Hurt is not a stranger to us, to any of us. We all know pain, regardless of the fact that it's different from situation to situation. That's why my Instagram feed was flooded with #PrayForParis. That's why Chattanooga still talks about what happened last summer. No matter how strong your personal empathy is, we connect through pain.

This is not always a bad thing. It leads to support. It leads to closeness.

But too much of one thing is a bad thing. What goes in, comes out, and if all you have is tragedy coming in, it begins to mess with you. It starts wiring itself into your thoughts, and then your heart, and then your hands. It distorts your view of the world. It makes you feel like pain is all there is to feel, and anything else must be fake. 

Listening to the frequency of hurt can actually cause more pain. It makes you fear that those things will happen to you. Which makes you fear loss. Which keeps you from connecting to people. Which destroys the good thing that can come from pain and makes you more selfish. I know because I've been there. I've become so accustomed to it that I begin to expect bad things to happen, which has made me into someone I never wanted to be.

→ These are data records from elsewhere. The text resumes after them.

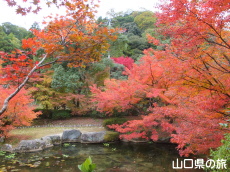 �،ˌ����̍g�t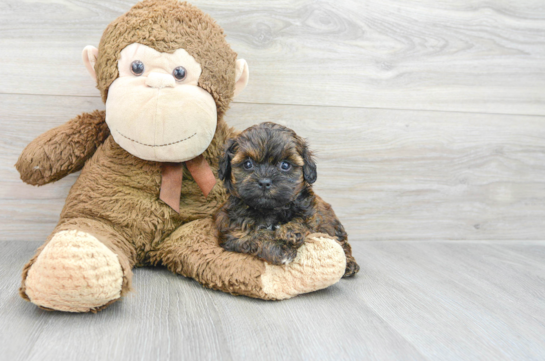 Best Shih Poo Baby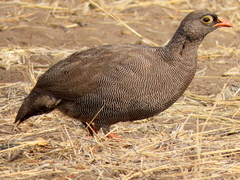 Pternistis adspersus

So my question, then, is if there is a vein of hurt, is there also a vein of hope? If we tuned into one for too long, the only option is to find something else to fill up with. Shutting everything out makes us empty, but to be human is to feel. So where is hope found? How do we balance it out?

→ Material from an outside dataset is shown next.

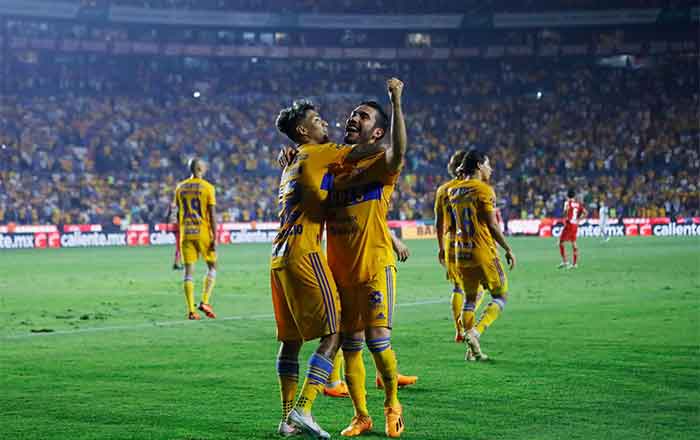 TIGRES-3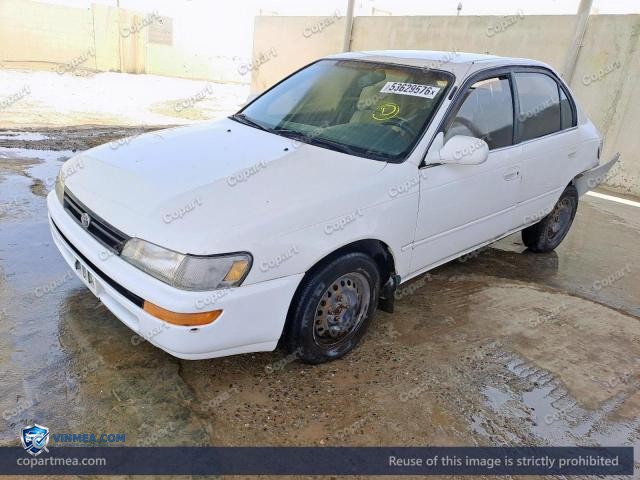 Auction photo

If you listen for hope right now, there's an obvious answer: Christmas.

Even people who refuse to step foot in a church acknowledge that Christmas is a time for peace, joy, hope. Christmas is a rest, a season of hitting pause and seeking those things that we consider make life beautiful. Family. Giving. Light.

But, as someone who has kept Christmas lights up until June, I know full well that warm feelings and gift wrap can only go so far. Memories, although good things, aren't enough to sustain it. So we have to dig deeper, to listen more closely, and find where it comes from.

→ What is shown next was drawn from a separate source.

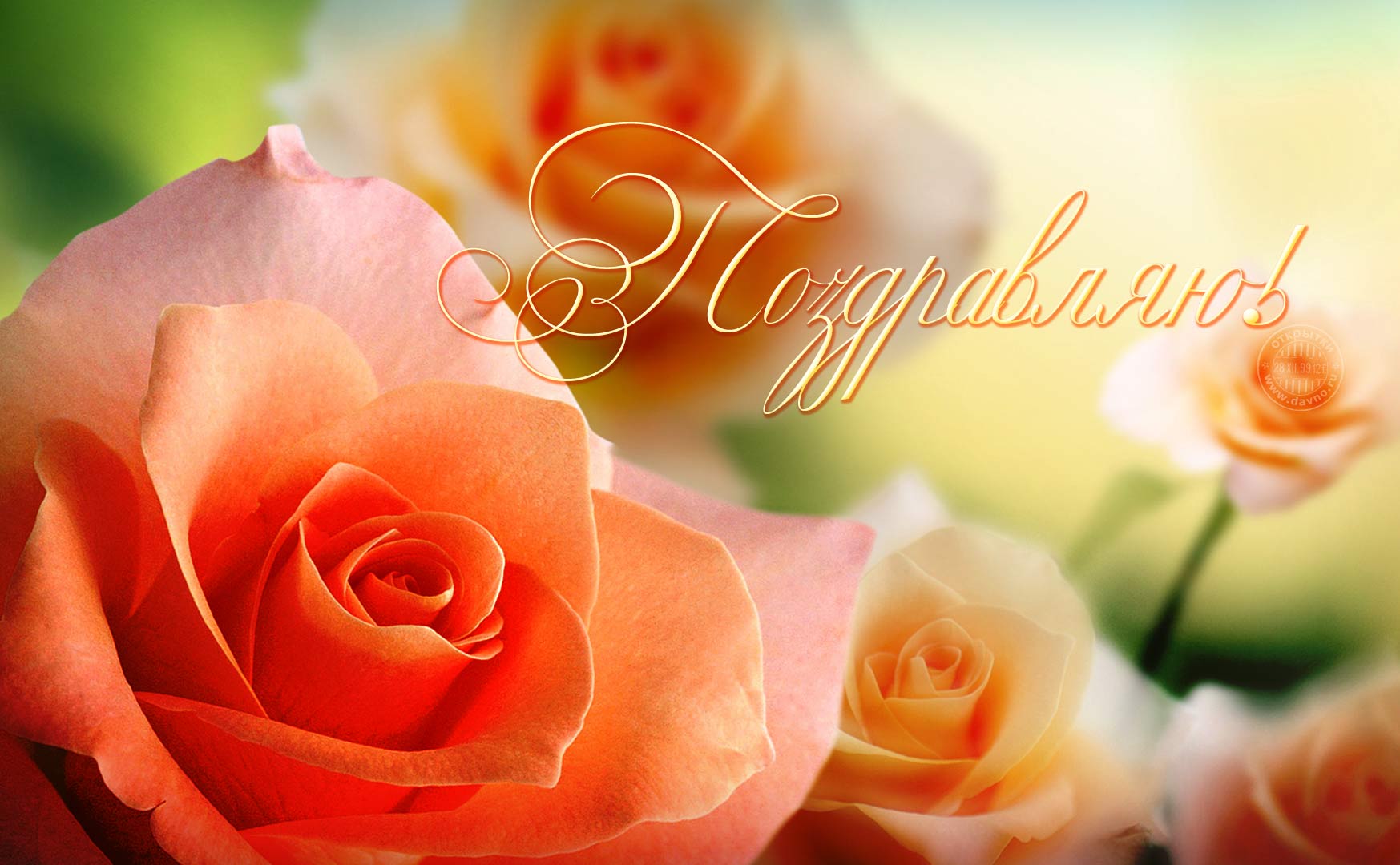 Поздравляем! Поздравительная открытка с розовыми розами.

Linus can give you a speech about it, but I'll give you one word: Emmanuel. God. With. Us.

We can't find hope within ourselves, no matter how many Dr. Phils and motivational cat posters you have. So we look outside ourselves, we look up. And when we look up, we see that hope is not just there, it's under our noses. Why?

Because God has stepped in. 
He stepped into a stable in Bethlehem, and He's still stepping into our lives today.

He's stepping in when we have too much to do, too many responsibilities to balance and personalities to placate and He's telling us: Rest.

He's stepping in when our minds are at war with our hearts, when, as Hamlet says, "Within my heart there was a kind of fighting that would not let me sleep," and He says it again: Rest. 

He's stepping in when we've looked to our family and our friends and our work and our hearts and nothing satisfies, nothing stops the pain, and He proclaims it over us: Rest.

He can proclaim Rest because He holds time, space, and every detail of every bit of existence in His hands. And when we look at what He holds we see that He already holds everything we feel like we've lost. We can rest because when we look closely, He holds us. 

It sounds so simple, but rest is so hard to learn. Mike Donehey of Tenth Avenue North often says that we must fight to rest, though it sounds like a contradiction. He's right.

There will be times that everything around you and everything in you is telling you to freak out. They'll have really good reasons and sometimes they'll call it good things, like "handling it" or "just making sure everything gets done." But what does it matter if everything gets done at the cost of you coming undone?

It's in these times that we must choose rest. And sometimes that looks like saying, "I don't know what I'm doing. I don't know how this is going to work. But You know what You're doing, and it's going to be okay." It may not feel like peace; it may feel like defeat. But maybe every time we choose not to panic, but to trust, it's tapping into that vein of hope. It's learning a little better how to hear the frequency, though it may seem faint.

There's a lot of unrest in me. I can't pretend like I'm not preaching to myself. I have a whole lot of questions, and a ridiculously small amount of answers. I write this because I'm listening in, trying to find what I'm looking for.

But I've got a feeling it can be found.